Combining speed and image quality, the Robo-AO attached to the Palomar 1.5-meter telescope, has already made over 13,000 observations. The first Robo-AO survey, covering 715 exoplanet hosts, is the single largest scientific adaptive optics survey ever.
The images have a resolution approaching those of the Hubble Space Telescope, which operates in orbit above the earth's atmosphere.
The international Robo-AO team, led by Dr. Christoph Baranec of the University of Hawaii at Manoa's Institute for Astronomy, is extending the survey to image each and every one of the 4,000 potential exoplanets discovered by Nasa's Kepler mission to validate if they are indeed planets or not.
While Kepler, which orbits the sun has its advantages, the image quality is not as good as what Robo-AO delivers, say the scientists.
Robo-AO is also looking at binary star systems where each star has a planetary system of its own. "We're finding that 'hot Jupiters' are almost three times more likely to be found in wide binary star systems than other exoplanets, shedding light on how these exotic objects formed," said Prof. Nicholas Law (University of North Carolina at Chapel Hill's College of Arts and Sciences), Robo-AO's project scientist and lead author in the Astrophysical Journal paper.
The results of attaching the Robo unit to the hundreds of 1-3 m telescope scattered across the globe can be stupendous in terms of data generated.

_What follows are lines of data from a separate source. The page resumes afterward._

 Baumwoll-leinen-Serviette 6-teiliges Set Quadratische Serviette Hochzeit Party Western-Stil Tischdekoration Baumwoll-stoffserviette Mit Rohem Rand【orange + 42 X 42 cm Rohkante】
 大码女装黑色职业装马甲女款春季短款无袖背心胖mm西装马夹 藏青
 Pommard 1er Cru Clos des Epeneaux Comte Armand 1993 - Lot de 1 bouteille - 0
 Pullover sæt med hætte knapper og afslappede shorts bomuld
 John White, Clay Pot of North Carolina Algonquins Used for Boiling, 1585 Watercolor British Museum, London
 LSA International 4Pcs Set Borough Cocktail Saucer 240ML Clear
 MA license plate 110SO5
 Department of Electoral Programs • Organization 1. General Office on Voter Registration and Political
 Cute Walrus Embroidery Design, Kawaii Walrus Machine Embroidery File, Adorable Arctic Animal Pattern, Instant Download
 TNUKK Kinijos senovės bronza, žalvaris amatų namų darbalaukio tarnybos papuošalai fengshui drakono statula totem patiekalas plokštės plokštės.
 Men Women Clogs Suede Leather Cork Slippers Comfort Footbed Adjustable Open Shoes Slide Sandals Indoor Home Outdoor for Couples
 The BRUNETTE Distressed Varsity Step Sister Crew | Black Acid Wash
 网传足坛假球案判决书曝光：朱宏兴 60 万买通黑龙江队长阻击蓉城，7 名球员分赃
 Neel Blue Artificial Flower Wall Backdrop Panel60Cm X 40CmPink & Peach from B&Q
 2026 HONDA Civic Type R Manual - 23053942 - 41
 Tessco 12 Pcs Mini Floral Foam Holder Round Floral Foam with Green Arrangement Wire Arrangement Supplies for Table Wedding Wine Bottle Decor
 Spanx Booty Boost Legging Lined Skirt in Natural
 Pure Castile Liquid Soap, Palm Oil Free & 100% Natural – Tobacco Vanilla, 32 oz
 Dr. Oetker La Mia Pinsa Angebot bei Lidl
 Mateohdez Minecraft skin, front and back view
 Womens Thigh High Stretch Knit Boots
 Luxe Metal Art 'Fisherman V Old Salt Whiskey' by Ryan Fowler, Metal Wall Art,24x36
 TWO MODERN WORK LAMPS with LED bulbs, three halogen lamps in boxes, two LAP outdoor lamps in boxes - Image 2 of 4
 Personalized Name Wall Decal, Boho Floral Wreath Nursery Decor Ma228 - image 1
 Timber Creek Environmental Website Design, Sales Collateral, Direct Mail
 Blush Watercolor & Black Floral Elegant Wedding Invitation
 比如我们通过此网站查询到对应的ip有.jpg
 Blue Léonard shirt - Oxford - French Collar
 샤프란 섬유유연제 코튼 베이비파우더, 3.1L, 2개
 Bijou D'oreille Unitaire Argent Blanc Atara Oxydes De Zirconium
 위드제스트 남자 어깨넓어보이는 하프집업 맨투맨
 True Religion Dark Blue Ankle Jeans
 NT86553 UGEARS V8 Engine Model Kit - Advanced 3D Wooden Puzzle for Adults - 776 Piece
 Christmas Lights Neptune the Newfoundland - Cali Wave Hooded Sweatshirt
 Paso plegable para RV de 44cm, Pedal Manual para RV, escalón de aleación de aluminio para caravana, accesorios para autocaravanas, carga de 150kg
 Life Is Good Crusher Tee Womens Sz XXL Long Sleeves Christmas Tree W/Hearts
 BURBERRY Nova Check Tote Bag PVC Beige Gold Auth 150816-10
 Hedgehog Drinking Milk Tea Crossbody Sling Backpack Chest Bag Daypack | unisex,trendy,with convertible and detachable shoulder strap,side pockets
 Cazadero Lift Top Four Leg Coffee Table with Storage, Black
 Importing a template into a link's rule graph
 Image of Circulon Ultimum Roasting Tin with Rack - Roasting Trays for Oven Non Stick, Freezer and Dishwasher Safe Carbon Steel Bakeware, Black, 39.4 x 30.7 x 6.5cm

Baranec, Robo-AO's principal investigator and lead author of the Astrophysical Journal Letter, led the development of the innovative Robo-AO system on the Palomar 1.5-meter telescope.
While adaptive laser optics has been around for some time, the automated version speedens up the process. Existing optics needs around 10 minutes to lock onto one target where the Robo brings that time down to one minute.
The other issue of taking images from ground is the blurring caused by the atmosphere. Using the laser, the team looked at the effect of turbulence on images. This was cancelled out by using a deformable mirror and manipulating the image accordingly.